Weeks ago, we quickied “Gladiator,” the first of an ongoing campaign for UPS, due to the staggered release dates of the remaining spots. While additional spots are headed our way, shelving “Circus” until then would be a FU to the craft and creativity gods.
Corrugated cardboard, next to clay or pixels, is one of my favorite materials. Its seemingly innocuous appearance can transform into patterns and volumetric structures with a few simple folds, slots and slices. Any shop that manages to infuse human spirit into corrugated cardboard gets major cred from me. In “Gladiator” and “Circus,” Psyop does just this, transforming a bland brand of brown and a non-aesthetic material into a land of lions, elephants, and acrobats.

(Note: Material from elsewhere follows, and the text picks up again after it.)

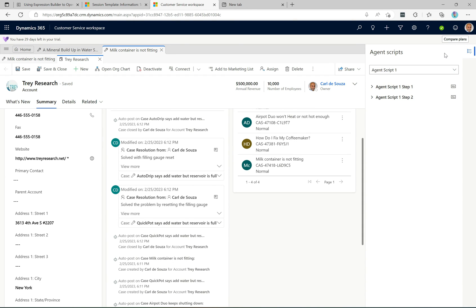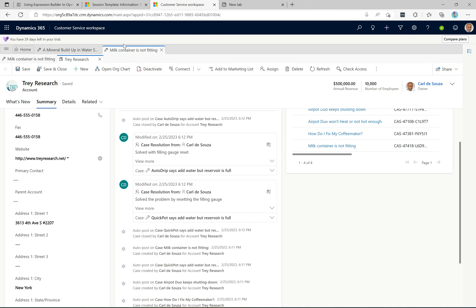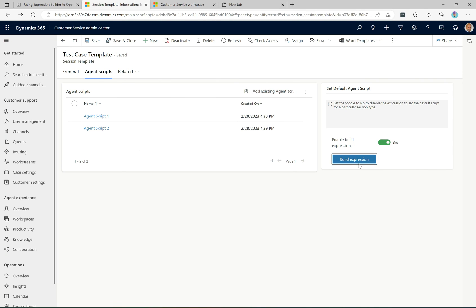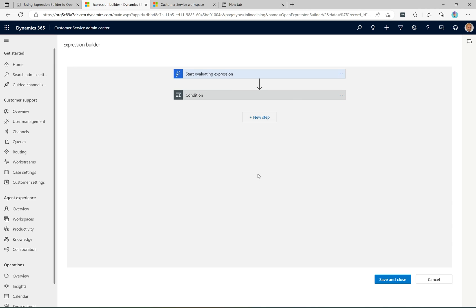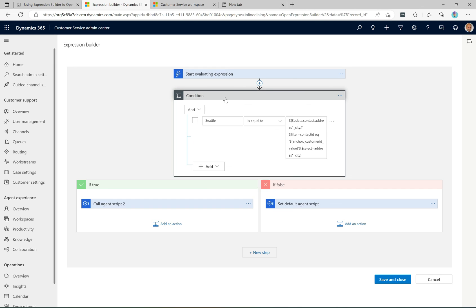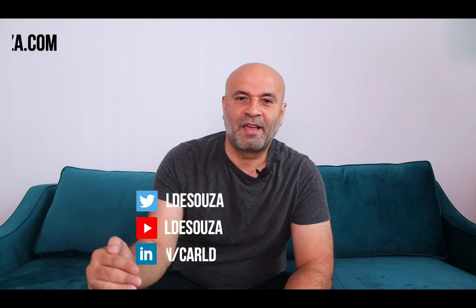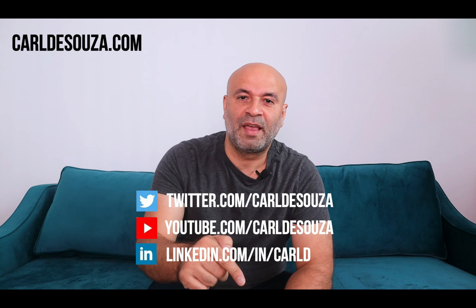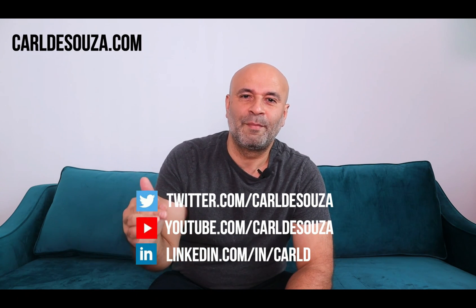Going back and selecting 'tree research,' that contact is not located in Seattle, so we get agent script one — that's how it works. To recap: we can use OData to pull information from various parts of the system, or look at anchor tab fields directly, do comparisons in the condition, and decide which agent script to show users inside customer service workspace. Hope you all enjoyed! If you like this video, hit the like button, subscribe to my YouTube channel, and check out my blog at carldesuzza.com. Thank you!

The charm of hinged puppet characters is met by the team’s technical muscle, layering golden light and atmospheric debris to turn a dull, trash material into treasure.
Watch “Circus”
Watch “Gladiator”
Psyop sheds some light on their process:
The brief from agency was to make worlds out of cardboard that felt simultaneously epic and handmade. We were also given the task of creating characters and environments that looked truly hand crafted with the caveat that everything must always be made of cardboard. We worked collaboratively on a series of scripts in order to finesse the story and craft these worlds.
One challenge we faced was creating a fully cardboard world that could feasibly have been created in a sound stage by stop motion animators. Each character had to be broken apart and looked at from the standpoint that if we were to create this in reality, how would they be built to allow the animators to have the full range of motion required.

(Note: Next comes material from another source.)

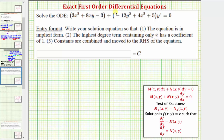We want to solve the exact first order differential equation. For the entry format, we're asked to write the solution. So if the equation is in implicit form, the highest degree term containing only x has a coefficient of one, and the constants are combined and moved to the right-hand side of the equation.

We didn’t want the characters to look “CG”, so we tried to not cheat by using tricks in 3D. This forced us to approach character setup with some additional boundaries that in some ways made setup easier, but in others forced to us to become more like mechanical engineers and really focus on the details of believable mechanics.
The geometry we created was also another challenge. 99.9% of the corrugation you see is modeled. We really focused on keeping the details in the model and to not rely on texturing tricks. This posed a challenge for our machines and our modelers. Without running on x64 machines and operating systems we wouldn’t have been able to approach the project this way.
Even still, we pushed Maya to the limits on what it can handle in a scene at once due to our geometry polygon counts being so high. It also pushed how much corrugation our modelers were able to handle before cracking mentally. Giving our geometry a “messed up” look without going too far was also a challenge. If we kept the geometry too clean, it ended up looking too CG.
Psyop Creative Director, Eben Mears, kept referencing lasagna noodles whenever he saw corrugation that was too clean in dailies. On the other hand, if we pushed it too far our cardboard ended up looking like it came out of the garbage so we had to walk a fine line between the two. By keeping these details in the model, we didn’t have to worry about getting nice details in model close-ups, shadow effects, or textural detail in lighting and shading. What we saw is what we were going to get in render, and that allowed us a lot more creativity up front.
As with most projects, the hardest part was fitting an epic tale into 25 seconds. All of the scripts read like short films and we worked hard to tell these stories in a visually powerful way but within a tight time frame. Beyond this, the design of the worlds and characters in each spot was intense.
It’s an interesting struggle to design everything out of cardboard and make it look and feel “real”. Our use of corrugation and texture, plus the thought that went into the rigging of the characters was an epic struggle in and of itself.